Título: Para Genro, "existem pessoas que estão sendo atingidas injustamente"
Autor: Costa, Raymundo
Fonte: Valor Econômico, 04/06/2007, Política, p. A8

Acusado por setores da oposição de tecer a estrutura de um Estado policial, o ministro da Justiça, Tarso Genro, defende-se dizendo que só pode atribuir esse tipo de informação ao desconhecimento de como a Polícia Federal opera ou a quem está sendo investigado. " A Polícia Federal tem dado uma demonstração de que é uma polícia republicana", diz o ministro. Ele insinua que parte dos vazamentos de operações da PF podem ter partido de advogados, mas reconhece que podem ter origem na própria PF. Na opinião do ministro "existem pessoas que estão sendo atingidas injustamente, pelo que eu estou observando com as peças que me chegam do inquérito".

Tarso Genro diz que está consolidando uma portaria com orientações a respeito dos vazamentos.

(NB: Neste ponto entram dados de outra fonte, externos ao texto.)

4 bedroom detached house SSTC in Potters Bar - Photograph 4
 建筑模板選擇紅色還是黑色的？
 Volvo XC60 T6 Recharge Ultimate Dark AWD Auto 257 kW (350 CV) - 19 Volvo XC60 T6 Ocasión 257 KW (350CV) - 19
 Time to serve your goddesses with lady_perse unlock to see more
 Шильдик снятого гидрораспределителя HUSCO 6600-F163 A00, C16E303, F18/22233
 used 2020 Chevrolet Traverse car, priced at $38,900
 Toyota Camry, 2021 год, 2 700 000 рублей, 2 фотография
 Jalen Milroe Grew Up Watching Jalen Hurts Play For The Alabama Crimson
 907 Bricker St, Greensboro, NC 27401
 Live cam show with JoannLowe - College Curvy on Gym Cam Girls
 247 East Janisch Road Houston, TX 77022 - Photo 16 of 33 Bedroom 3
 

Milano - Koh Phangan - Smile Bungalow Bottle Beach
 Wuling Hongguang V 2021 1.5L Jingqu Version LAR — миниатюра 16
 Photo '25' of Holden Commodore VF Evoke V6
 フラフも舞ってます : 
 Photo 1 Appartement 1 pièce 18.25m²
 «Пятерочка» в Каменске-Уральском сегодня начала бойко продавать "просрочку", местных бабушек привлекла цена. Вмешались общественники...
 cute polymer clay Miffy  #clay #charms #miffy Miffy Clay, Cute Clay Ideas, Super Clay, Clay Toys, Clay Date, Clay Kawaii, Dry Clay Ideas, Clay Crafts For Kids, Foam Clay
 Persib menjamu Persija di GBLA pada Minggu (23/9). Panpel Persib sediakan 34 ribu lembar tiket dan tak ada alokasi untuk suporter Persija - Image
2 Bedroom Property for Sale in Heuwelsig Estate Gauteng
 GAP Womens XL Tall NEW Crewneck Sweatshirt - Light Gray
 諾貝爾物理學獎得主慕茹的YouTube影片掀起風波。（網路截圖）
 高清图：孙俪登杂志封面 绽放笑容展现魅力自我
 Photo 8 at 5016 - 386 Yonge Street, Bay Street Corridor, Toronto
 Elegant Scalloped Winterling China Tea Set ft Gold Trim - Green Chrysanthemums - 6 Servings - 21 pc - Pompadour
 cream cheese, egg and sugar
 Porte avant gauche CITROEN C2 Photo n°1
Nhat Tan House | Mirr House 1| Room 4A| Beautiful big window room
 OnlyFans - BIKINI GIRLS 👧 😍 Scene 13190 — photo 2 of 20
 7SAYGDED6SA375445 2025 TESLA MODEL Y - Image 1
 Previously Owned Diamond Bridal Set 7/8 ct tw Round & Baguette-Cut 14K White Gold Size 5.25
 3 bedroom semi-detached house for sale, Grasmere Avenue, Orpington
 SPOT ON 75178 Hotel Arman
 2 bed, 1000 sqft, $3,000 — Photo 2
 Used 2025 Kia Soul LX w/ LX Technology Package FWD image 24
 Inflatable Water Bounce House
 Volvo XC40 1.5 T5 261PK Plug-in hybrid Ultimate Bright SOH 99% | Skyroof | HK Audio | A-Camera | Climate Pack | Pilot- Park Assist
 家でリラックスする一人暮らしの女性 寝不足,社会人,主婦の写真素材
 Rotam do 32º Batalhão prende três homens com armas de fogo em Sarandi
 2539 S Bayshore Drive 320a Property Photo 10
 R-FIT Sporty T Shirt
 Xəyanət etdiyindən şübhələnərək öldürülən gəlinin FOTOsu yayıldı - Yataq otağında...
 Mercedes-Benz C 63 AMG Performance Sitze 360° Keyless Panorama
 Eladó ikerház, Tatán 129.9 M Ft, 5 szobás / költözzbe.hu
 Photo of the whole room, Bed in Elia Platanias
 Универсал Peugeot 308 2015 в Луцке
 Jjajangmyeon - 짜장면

Está discutindo também uma revisão sobre a forma como são feitas as prisões - algema, camburão e presença da imprensa, o que as torna espetaculares. Diz que não tem como evitar a presença dos jornalistas, mas considera um direito do preso querer se deixar ou não fotografar. Seguem os principais trechos da entrevista do ministro da Justiça ao Valor.

Valor: Há o Estado policial de que falam setores da oposição?

Tarso Genro: Isso só pode ser entendido como uma metáfora, de pessoas que são democráticas, mas que não têm sensibilidade para comparar efetivamente o que é o Estado policial do que ocorre hoje no país. A existência eventual de desvios de conduta em ações policiais ocorre em todos os países. Em maior grau em países com estatuto democrático mais atrasado e em menor grau nos países com estatuto democrático mais avançado.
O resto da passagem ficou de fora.